### EXERCISE BRIEF
For this task, copy all of the data below exactly and skip the pictures.

### INFORMATION PROVIDED
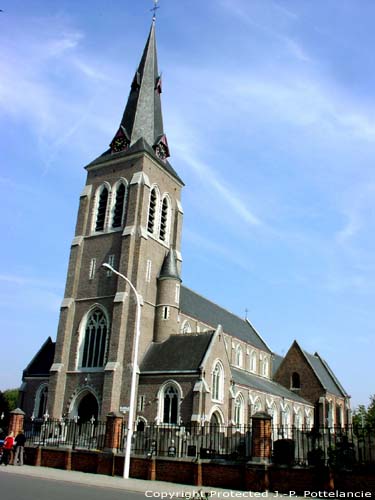 Onze-Lieve-Vrouw en Sint-Petruskerk (te Zaffelare) LOCHRISTI / BELGI 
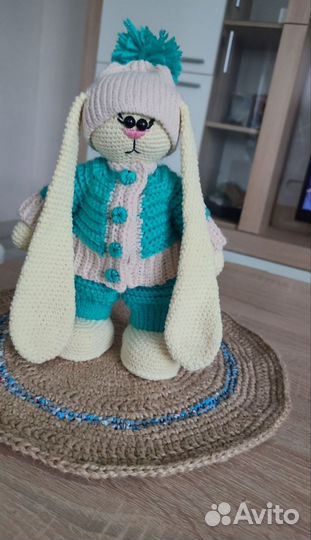 Вязаный заяц ручной работы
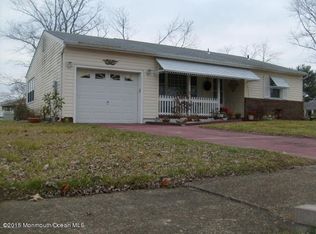 102 Eton Ct, Toms River, NJ 08757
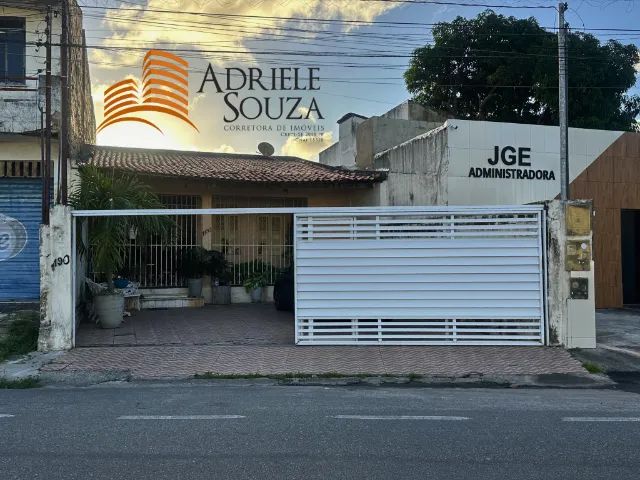 Vendo casa com 5/4 sendo uma suíte e 1/4 de serviço na Rua Rafael de Aguiar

### REPLY
 Onze-Lieve-Vrouw en Sint-Petruskerk (te Zaffelare) LOCHRISTI / BELGI 
 Вязаный заяц ручной работы
 102 Eton Ct, Toms River, NJ 08757
 Vendo casa com 5/4 sendo uma suíte e 1/4 de serviço na Rua Rafael de Aguiar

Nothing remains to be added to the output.